Rossmann wprowadził limit. Inni zrobili to samo
Ze względu na epidemię koronawirusa Polacy zaczęli szturmować sklepy. Kupują więcej niż zazwyczaj, na zapas, na wszelki wypadek. Z półek zaczęły znikać najpotrzebniejsze produkty: papier toaletowy, mydło, żele i płyny do dezynfekcji, a także makaron, ryż czy drożdże. Z tego powodu wiele sklepów - tak jak Rossmann - zdecydowało się wprowadzić limit danego produktu na jednego klienta.
Czy Rossmann miał prawo to zrobić?
Decyzja nie spotkała się z zadowoleniem konsumentów. Pojawiły się też wątpliwości, czy sklepy takie jak Rossmann robią to legalnie. Jak podaje serwis “Wiadomości Handlowe”, sprawie przyjrzał się Urząd Ochrony Konkurencji i Konsumentów.
UOKiK orzekł, że działania sieci Rossmann oraz innych sklepów nie są niezgodne z prawem. Urząd podkreślił jednak, że sprzedawcy powinni traktować wszystkich klientów na równi i nie odmawiać im możliwości zakupu sprzedawanego towaru.

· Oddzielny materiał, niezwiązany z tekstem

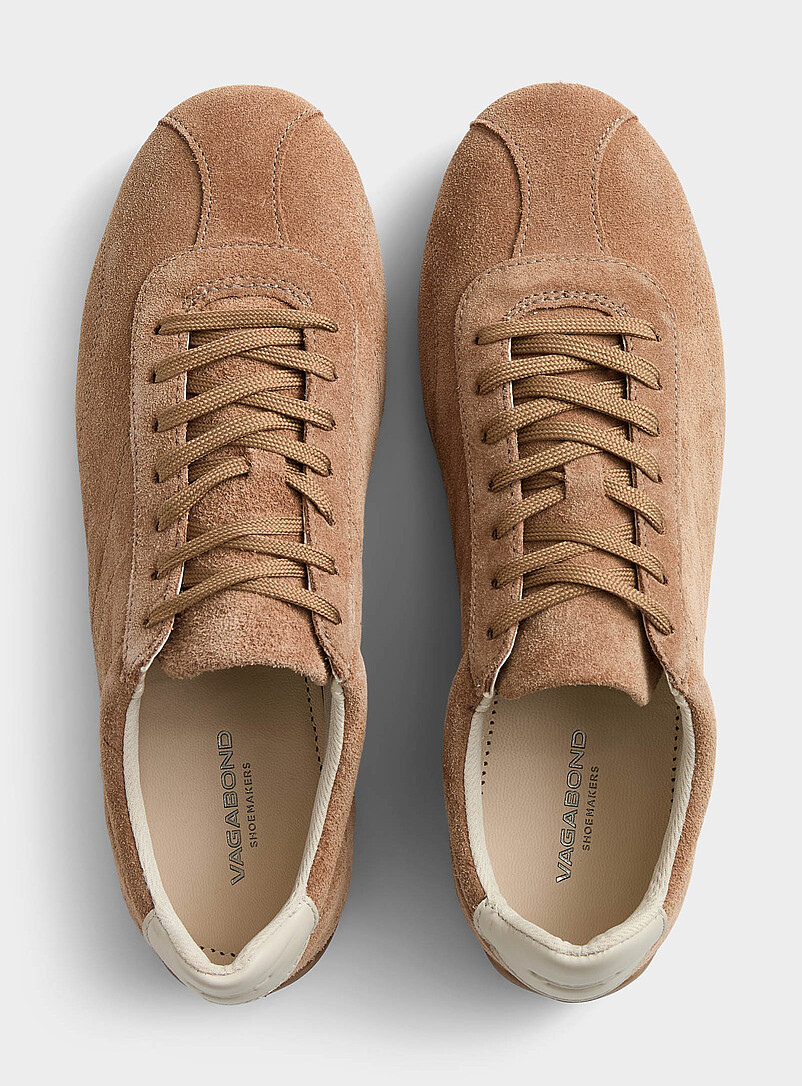 Hollie latte suede sneakers product image 3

„W sytuacji ogłoszonego stanu epidemii i możliwego okresowego zwiększonego popytu lub zmniejszonej podaży na kluczowe produkty np. medyczne, higieniczne lub żywnościowe sprzedawcy wprowadzający reglamentację oferowanych dóbr, w celu zapewnienia jak najszerszej ich dostępności, powinni każdorazowo rozważyć, kierując się obiektywnymi, racjonalnymi przesłankami, czy istnieje taka konieczność” - informuje UOKiK.
UOKiK: wprowadzenie limitu jest zgodne z prawem
“Konsumenci natomiast, dokonując decyzji zakupowych, powinni uwzględniać swoje rzeczywiste potrzeby oraz mieć na uwadze w tym czasie wymagającym solidarności również potrzeby innych. Konsumenci powinni być poinformowani o ograniczeniach ilościowych oraz traktowani w sposób niedyskryminacyjny” - wyjaśnia UOKiK.
Urząd zaznacza, że odmowa sprzedaży jest niezgodna z prawem w sytuacji, gdy sprzedawca nie podaje uzasadnienia takiej decyzji. Tym samym uzasadnione limity na zakupy, jasno komunikowane w sklepach i stosowane wobec wszystkich klientów są jak najbardziej legalne.